Ra: I am Ra. The proper role of the entity is in this density to experience all things desired, to then analyze, understand, and accept these experiences, distilling from them the love/light within them. Nothing shall be overcome. That which is not needed falls away.
The orientation develops due to analysis of desire. These desires become more and more distorted towards conscious application of love/light as the entity furnishes itself with distilled experience. We have found it to be inappropriate in the extreme to encourage the overcoming of any desires, except to suggest the imagination rather than the carrying out in the physical plane, as you call it, of those desires not consonant with the Law of One, thus preserving the primal distortion of free will.
The reason it is unwise to overcome is that overcoming is an unbalanced action creating difficulties in balancing in the time/space continuum. Overcoming, thus, creates the further environment for holding on to that which apparently has been overcome.
All things are acceptable in the proper time for each entity, and in experiencing, in understanding, in accepting, in then sharing with other-selves, the appropriate distortion shall be moving away from distortions of one kind to distortions of another which may be more consonant with the Law of One.

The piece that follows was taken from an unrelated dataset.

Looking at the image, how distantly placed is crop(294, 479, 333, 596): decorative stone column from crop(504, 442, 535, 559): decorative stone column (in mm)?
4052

It is, shall we say, a shortcut to simply ignore or overcome any desire. It must instead be understood and accepted. This takes patience and experience which can be analyzed with care, with compassion for self and for other-self.

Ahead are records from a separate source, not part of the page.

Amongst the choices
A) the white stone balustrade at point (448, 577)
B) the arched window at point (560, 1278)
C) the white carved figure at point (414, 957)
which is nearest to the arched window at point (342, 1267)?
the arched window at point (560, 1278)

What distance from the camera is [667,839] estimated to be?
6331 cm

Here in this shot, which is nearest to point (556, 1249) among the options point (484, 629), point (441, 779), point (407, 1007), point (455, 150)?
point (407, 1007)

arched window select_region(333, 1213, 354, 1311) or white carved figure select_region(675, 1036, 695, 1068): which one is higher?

Much rests on the interpretation of ‘ordinary’. Horgan’s example is Siddhartha’s exodus from his family, and that is indeed a dramatic step, but Buddhism has always recognized the distinction between the monastic and the lay-practitioner and the advice for the non-monk has always been very practical. ‘Ordinary’ in that case refers to all sorts of behaviors in a typical life that are terribly damaging to the individual and those around. This isn’t mysticism, it’s empiricism. Abandonment of those behaviors is absolutely a good idea.
Also,
‘All religions, including Buddhism, stem from our narcissistic wish to believe that the universe was created for our benefit, as a stage for our spiritual quests. In contrast, science tells us that we are incidental, accidental.’
I don’t want to be a jerk, but I question the depth of Horgan’s understanding of Buddhism. The fact that the universe isn’t here for your benefit is, more or less, the foundational belief.
My favorite philosopher is Walter Kaufmann. If you can pick up a copy of his book _Faith of a Heretic_, do so. You won’t pay too much for it.
Given that you probably can’t find a copy anywhere (sigh… I pick up copies whenever I find them in the back of a used book store… you used to be able to find more of them, I tell you what), you can instead read his essay (that he turned into that book) here:
http://faculty.plts.edu/gpence/html/kaufmann.htm
Here’s the excerpt that your post reminded me of:
“But popular Buddhism with its profuse idolatry, its relics, and its superstitions repels me, and I have reservations even about the teachings of the Buddha. I admire much of his profound analysis of man’s condition: the world has no purpose; it is up to us to give our lives a purpose; and we cannot rely on any supernatural assistance. Life is full of suffering, suffering is rooted in desire and attachment, and much desire and attachment are rooted in ignorance. By knowledge, especially of the Buddha’s teachings, it is possible to develop a pervasive detachment, not incompatible with a mild, comprehensive compassion–and to cease to suffer. But consider the Old Testament and Sophocles, Michelangelo and Rembrandt, Shakespeare and Goethe: the price for the avoidance of all suffering is too high. Suffering and sacrifice can be experienced as worthwhile: one may find beauty in them and greatness through them.”